### EXERCISE BRIEF
Retype, exactly as they appear below, the lines between the line holding "Dîner de Saint Valentin au Petit Gourmandin" and the line holding "Japanese Brand Unknown", both ends included.

Items listed in a dataset
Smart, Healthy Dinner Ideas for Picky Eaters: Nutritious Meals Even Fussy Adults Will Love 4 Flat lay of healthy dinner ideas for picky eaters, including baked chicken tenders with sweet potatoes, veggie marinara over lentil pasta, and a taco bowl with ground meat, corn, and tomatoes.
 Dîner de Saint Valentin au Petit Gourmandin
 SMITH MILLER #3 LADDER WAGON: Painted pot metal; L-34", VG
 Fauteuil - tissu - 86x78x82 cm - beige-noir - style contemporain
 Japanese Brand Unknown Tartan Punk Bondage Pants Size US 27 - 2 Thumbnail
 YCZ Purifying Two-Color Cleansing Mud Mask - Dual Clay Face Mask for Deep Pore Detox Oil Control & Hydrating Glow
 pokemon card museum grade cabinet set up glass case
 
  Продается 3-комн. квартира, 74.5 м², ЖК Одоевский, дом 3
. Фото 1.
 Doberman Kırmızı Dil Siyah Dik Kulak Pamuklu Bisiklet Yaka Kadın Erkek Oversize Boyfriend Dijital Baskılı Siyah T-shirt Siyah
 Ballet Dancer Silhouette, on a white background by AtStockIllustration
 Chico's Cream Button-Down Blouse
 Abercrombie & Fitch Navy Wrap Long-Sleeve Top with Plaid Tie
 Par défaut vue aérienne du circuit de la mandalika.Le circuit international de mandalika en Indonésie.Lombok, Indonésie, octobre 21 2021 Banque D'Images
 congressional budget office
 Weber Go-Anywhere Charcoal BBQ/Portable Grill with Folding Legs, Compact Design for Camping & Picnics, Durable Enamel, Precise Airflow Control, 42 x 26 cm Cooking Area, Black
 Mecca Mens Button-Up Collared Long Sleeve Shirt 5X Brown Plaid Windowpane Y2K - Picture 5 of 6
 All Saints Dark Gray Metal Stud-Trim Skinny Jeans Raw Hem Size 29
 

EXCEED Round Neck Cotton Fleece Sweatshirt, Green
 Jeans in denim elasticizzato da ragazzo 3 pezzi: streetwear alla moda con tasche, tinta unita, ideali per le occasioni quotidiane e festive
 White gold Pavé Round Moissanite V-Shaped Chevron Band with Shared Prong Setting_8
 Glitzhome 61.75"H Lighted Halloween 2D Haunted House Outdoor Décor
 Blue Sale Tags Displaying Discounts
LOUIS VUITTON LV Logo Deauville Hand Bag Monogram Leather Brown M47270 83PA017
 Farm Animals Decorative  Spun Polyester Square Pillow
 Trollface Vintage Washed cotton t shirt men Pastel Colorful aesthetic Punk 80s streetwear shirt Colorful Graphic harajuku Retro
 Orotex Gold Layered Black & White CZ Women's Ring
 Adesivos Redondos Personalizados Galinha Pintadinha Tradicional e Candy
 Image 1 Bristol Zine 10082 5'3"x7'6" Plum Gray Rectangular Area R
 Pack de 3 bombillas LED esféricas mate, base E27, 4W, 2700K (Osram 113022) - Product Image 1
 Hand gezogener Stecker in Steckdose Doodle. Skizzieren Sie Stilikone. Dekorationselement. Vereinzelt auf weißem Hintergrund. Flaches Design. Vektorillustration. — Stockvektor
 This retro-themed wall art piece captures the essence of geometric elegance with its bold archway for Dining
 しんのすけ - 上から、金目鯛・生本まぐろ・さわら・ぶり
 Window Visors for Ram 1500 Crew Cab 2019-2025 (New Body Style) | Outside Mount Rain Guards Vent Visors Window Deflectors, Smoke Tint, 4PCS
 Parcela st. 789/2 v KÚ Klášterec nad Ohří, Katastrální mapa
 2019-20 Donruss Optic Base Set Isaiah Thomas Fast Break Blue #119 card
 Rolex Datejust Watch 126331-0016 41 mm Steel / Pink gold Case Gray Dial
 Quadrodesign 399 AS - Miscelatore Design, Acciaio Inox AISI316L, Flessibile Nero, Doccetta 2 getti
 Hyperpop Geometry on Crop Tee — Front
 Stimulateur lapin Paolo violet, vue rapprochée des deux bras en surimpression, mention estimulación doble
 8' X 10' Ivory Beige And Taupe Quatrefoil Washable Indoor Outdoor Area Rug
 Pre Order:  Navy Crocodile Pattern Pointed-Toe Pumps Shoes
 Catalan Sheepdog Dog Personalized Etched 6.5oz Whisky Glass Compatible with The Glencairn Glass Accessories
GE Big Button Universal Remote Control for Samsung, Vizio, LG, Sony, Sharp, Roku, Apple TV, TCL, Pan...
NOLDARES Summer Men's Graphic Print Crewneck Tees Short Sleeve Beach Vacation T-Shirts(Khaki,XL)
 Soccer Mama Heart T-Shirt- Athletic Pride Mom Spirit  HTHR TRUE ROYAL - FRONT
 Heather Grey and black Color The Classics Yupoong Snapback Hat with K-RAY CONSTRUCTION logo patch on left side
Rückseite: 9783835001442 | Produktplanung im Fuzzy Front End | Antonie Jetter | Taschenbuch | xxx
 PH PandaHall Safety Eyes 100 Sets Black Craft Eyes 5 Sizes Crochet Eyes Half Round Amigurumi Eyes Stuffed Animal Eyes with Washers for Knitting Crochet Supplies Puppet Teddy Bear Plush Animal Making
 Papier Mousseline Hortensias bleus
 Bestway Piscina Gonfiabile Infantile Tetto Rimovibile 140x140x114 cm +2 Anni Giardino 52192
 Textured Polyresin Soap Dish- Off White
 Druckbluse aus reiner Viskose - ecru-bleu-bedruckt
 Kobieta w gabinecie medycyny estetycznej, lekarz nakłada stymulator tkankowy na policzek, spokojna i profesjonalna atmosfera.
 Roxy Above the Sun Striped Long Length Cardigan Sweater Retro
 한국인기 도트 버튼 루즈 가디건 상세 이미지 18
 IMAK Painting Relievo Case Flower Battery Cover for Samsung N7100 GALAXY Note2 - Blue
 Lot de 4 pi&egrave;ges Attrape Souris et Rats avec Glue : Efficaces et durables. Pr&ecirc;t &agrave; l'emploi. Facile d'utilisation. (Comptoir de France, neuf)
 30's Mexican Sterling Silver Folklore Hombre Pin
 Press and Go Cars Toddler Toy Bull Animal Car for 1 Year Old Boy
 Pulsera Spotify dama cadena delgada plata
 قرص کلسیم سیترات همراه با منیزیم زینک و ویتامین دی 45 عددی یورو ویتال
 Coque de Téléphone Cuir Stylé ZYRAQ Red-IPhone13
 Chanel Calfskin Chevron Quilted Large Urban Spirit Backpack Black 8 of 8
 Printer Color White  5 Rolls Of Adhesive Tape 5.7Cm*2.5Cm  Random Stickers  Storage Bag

### ANSWER SECTION
 Dîner de Saint Valentin au Petit Gourmandin
 SMITH MILLER #3 LADDER WAGON: Painted pot metal; L-34", VG
 Fauteuil - tissu - 86x78x82 cm - beige-noir - style contemporain
 Japanese Brand Unknown Tartan Punk Bondage Pants Size US 27 - 2 Thumbnail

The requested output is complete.